Jennifer Mattson

Books: Sibling rivalry steps wittily into ‘Shoes’


By Jennifer Mattson, Special to USA TODAY

In Her Shoes, Jennifer Weiner’s highly anticipated follow-up to Good in Bed, speaks to women who have endured the hardships of sibling rivalry or dreamed of trying on someone else’s life. It is also an honest look at one woman’s struggle with weight.

But unlike other weight-obsessed characters in contemporary popular fiction, 30-year-old Rose Feller actually is plus-size. She is not like Bridget Jones, who worries about being fat even though her weight is normal. Rose, a smart, wisecracking, successful lawyer in Philadelphia, is most definitely fat.

The book begins when Rose’s dream date is interrupted by a call and she is forced to rescue her drunk, irresponsible sister from a 10-year high school reunion.

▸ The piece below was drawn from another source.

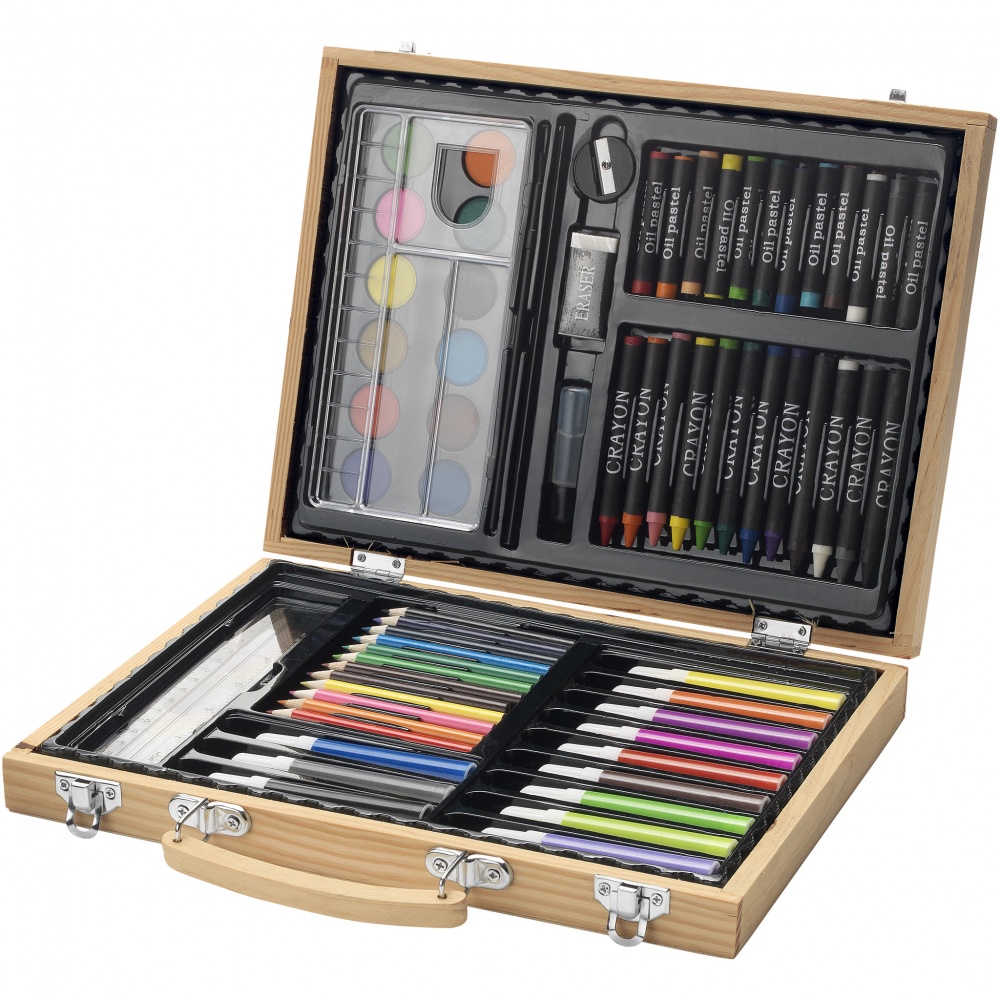 Logo trade promotional items image of: 67-piece colouring set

Maggie Feller, 28, is quite the opposite of Rose. Maggie is gorgeous and glides effortlessly through life, from one job and boyfriend to the next, until she’s evicted from her apartment. She moves in with Rose, swiping everything from her older sister’s credit cards to her shoes. But Maggie crosses the line by stealing the one thing Rose isn’t willing to share.

In Her Shoes chronicles the sisters’ adventures as they go their separate ways and end up discovering, along the way, a missing part of themselves.

Weiner is at her best with her witty descriptions of the “stepmonster” Sydelle and Rose’s eccentric law firm, where the managing partner has gone off the deep end. Obsessed with extreme sports, Dom Dommel treats his firm like a sports team — replacing the water cooler with Gatorade, meetings with pep rallies and the yearly bonus with a skateboard.

The book has a happy ending, and Weiner avoids selling out Rose by making her thin (and more likable). She finds love and happiness without shedding a pound.

Despite Weiner’s faithful treatment of her characters, In Her Shoes has its disappointments. Rose and Maggie’s search for their long-lost grandmother wraps up too neatly and is annoyingly predictable.

The book is too long and loses energy by the end. In Her Shoes will make readers laugh and perhaps cry, but it’s rough around the edges.